Intel Overview
Intel processors have the most sophisticated power and thermal control of any processor vendor we work with. While Intel’s documentation remains the final arbiter, that format has not allowed the community of Intel users to discuss best practices and distribute documentation patches. For this release we provide below a listing of the MSRs found in Chapter 14 of volume 3B of Intel’s SDM, plus a few related MSRs that exist elsewhere in public documentation. Alongside the register diagrams we note what we have learned (if anything) by using the registers and discussing them with our colleagues at Intel and elsewhere.
Requirements
To use Variorum on Intel platforms, access to low-level registers needs to be enabled for non-root users. This can be enabled with the msr-safe kernel driver which must be loaded to enable user-level read and write of allowed MSRs.
The msr-safe driver provides the following device files:
/dev/cpu/<CPU>/msr_safe
Alternately, Variorum can be used as root with the stock MSR kernel driver loaded.
modprobe msr
The kernel driver provides an interface to read and write MSRs on an x86 processor.
The stock MSR driver provides the following device files:
ls /dev/cpu/<CPU>/msr
Best Practices
These are the most common mistakes we have seen when using these registers.
- IA32_PERF_CTL does not set clock frequency
In the distant past prior to multicore and turbo, setting IA32_PERF_CTL might have had the effect of dialing in the requested CPU clock frequency. In any processor since Nehalem, however, it sets a frequency cap.
- Always measure effective clock frequency using IA32_APERF and IA32_MPERF.
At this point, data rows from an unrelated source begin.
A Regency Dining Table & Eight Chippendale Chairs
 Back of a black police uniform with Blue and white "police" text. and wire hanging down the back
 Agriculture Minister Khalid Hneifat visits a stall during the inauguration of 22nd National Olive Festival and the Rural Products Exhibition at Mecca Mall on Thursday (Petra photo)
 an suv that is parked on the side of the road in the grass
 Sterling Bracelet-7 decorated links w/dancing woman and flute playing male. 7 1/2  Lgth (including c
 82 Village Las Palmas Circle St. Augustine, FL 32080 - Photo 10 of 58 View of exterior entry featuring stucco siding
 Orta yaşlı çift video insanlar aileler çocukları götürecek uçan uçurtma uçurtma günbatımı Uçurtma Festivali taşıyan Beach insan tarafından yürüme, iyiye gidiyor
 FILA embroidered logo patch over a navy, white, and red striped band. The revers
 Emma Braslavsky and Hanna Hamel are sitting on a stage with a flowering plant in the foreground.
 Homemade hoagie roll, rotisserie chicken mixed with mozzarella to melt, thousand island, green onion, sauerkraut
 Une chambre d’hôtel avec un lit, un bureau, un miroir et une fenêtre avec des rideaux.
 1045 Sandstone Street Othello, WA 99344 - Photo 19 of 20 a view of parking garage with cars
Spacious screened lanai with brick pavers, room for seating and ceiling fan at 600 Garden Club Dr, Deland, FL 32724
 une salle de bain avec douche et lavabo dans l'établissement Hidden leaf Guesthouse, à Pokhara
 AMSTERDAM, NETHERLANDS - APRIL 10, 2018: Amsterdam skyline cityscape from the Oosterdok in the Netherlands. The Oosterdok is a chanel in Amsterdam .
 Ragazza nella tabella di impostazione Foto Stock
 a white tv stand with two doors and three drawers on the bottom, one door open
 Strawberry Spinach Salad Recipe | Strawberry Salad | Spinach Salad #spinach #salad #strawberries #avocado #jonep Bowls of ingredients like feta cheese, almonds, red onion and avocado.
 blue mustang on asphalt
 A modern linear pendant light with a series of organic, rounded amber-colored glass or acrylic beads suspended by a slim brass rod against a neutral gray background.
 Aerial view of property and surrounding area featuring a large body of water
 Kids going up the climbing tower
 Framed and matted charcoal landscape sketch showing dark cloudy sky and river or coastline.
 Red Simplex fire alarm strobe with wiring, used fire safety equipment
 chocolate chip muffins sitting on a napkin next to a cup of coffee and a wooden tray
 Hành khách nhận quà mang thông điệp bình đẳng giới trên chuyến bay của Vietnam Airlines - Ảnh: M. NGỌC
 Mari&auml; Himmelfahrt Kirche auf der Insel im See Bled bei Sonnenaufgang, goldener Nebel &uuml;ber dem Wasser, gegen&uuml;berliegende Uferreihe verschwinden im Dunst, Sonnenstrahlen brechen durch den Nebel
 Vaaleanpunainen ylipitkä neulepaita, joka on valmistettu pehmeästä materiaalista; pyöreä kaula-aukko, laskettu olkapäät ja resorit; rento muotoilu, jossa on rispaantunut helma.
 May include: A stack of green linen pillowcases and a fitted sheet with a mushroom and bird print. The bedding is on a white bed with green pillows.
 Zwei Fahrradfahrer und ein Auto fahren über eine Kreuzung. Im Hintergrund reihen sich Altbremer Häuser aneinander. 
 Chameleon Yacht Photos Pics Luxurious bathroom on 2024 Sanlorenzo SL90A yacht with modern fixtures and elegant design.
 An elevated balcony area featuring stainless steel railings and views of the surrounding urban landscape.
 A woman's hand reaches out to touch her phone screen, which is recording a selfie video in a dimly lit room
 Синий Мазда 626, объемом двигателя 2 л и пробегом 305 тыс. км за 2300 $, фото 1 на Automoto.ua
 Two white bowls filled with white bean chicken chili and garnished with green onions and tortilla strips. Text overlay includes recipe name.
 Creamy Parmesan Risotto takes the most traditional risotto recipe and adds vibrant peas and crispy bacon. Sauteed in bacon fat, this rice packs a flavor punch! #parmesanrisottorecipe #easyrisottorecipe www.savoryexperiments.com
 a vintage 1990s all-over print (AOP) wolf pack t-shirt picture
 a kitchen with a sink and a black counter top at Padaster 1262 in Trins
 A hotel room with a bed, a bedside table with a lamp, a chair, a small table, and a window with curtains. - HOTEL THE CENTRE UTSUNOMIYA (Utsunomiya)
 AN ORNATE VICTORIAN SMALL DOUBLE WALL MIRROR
Given the amount of performance variation within the operating system and within and across processors, it is easy to talk oneself into a story of how a particular dial relates to performance by changing the clock frequency. Measuring both execution time and clock frequency (and perhaps IPC as well) is an excellent filter for those stories.
Do not use Linux performance governors as they have limited support.
- Not all encodable values are effective.
The canonical case here is RAPL time windows. There is a minimum value supported in firmware, and any request for less than that minimum is silently clipped.
Caveats
- Intel naming conventions are often inconsistent.
Naming conventions will vary across and within documents, even to the naming of particular MSRs. While these are trivial to the eye (CTL versus CONTROL, PKG versus PACKAGE) it does make grepping documents more challenging than it should be. We have tried to follow a consistent scheme for MSRs, PCI addresses and CPUID queries. Where there is a conflict in MSR names, we have chosen what seems most sensible.
- Determining which MSRs are available on which processors is problematic.
Motherboard manufacturers can mask out available MSRs, and Intel’s documentation can contain errors.
Enhanced Intel Speedstep Technology
Exists if CPUID.(EAX=1):ECX[7] == 1.
Enabled by IA32_MISC_ENABLE[16] <- 1.
- MSRs used:
IA32_PERF_CTL
IA32_PERF_STATUS
IA32_PM_ENABLE
MSR_PLATFORM_INFO
IA32_PM_ENABLE will disable IA32_PERF_CTL. The enable bit is sticky and requires a reset to clear.
MSR_PLATFORM_INFO Maximum Efficiency Ratio is the only guaranteed frequency regardless of workload.
P-State Hardware Coordination
Exists if CPUID.(EAX=6):ECX[0] == 1
- MSRs used:
IA32_MPERF
IA32_APERF
Intel Dynamic Acceleration Technology/Intel Turbo Boost Technology
Enabled by MSR_MISC_ENABLE[38] <- 1, IA32_PERF_CTL[32] <- 0
Note that the former is intended for one-time use by BIOS, the latter is intended for dynamic control.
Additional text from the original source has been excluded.